Figure 3. Association results for 1898 SNPs across (a) full xMHC, and (b) focused on the region around the known HLA class 2 celiac disease genes, accounting for known HLA high-risk genotypes in the statistical analysis.

Figure 3

Vertical bars indicate recombination rates generated from HapMap database. All pairwise linkage disequilibrium coefficients (r 2) included the most significantly associated SNP, rs9357152.

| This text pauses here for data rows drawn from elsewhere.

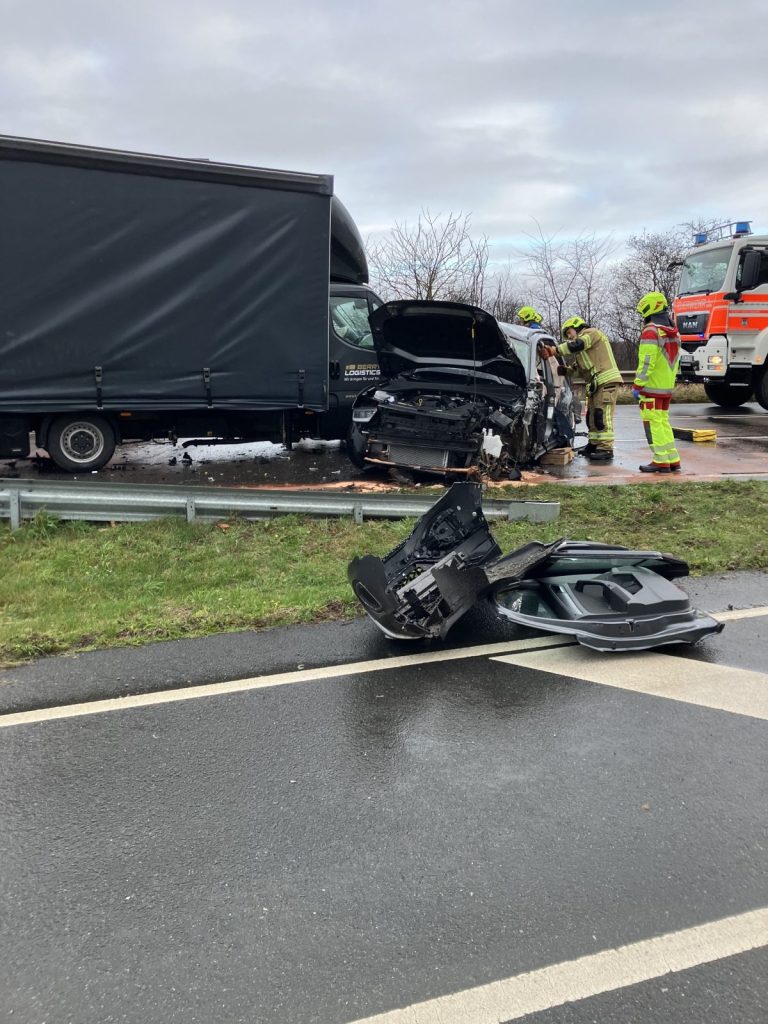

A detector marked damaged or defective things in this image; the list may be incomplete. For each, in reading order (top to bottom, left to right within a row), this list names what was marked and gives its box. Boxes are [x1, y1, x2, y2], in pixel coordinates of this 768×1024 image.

detached car body panel [348, 299, 577, 475]
wrecked car [348, 299, 577, 479]
damaged engine bay [348, 301, 577, 481]
wrecked car [352, 483, 724, 651]
detached car body panel [352, 483, 724, 651]
damaged engine bay [350, 483, 729, 651] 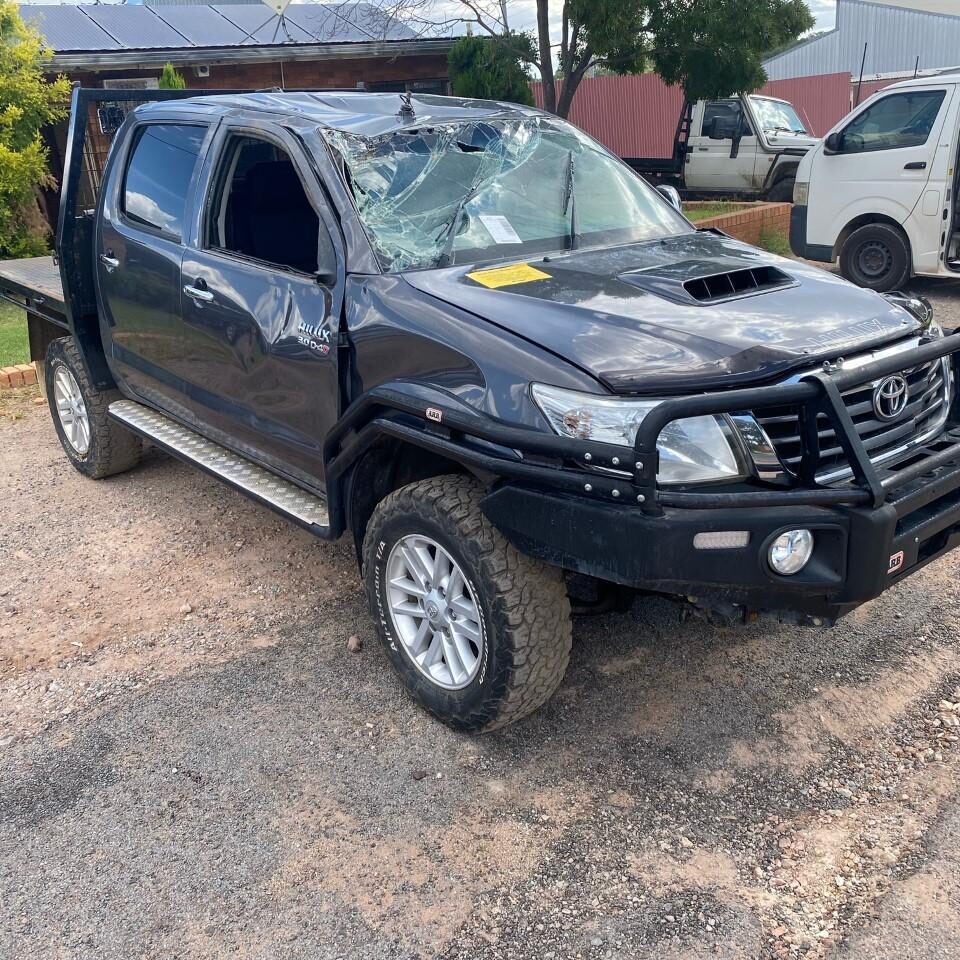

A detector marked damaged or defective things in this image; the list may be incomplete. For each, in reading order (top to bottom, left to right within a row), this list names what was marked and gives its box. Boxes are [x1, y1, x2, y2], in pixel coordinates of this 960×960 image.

A SNP grouping method was carried out to identify a minimal set of SNPs with independent effects on the disease across the xMHC. This analysis used results from the association analysis that accounted for the known HLA-DQA1 and HLA-DQB1 high-risk genotype effects. Independent sets of SNPs were constructed according to their correlated effects on the disease outcome, with each set being identified by a single index SNP that was most informative of the group and most strongly associated with disease. Grouping was based on the following parameters: the significance threshold for index SNPs of a p-value less than 5×10−7; a secondary significance for grouped SNPs of a p-value less than 0.01; a maximum physical distance of 250 kb over which the SNPs in the group can span; and an LD threshold, measured by r2, of 0.1 or greater with the index SNP. The parameters were chosen to be conservative such that the validity of the results was maximized.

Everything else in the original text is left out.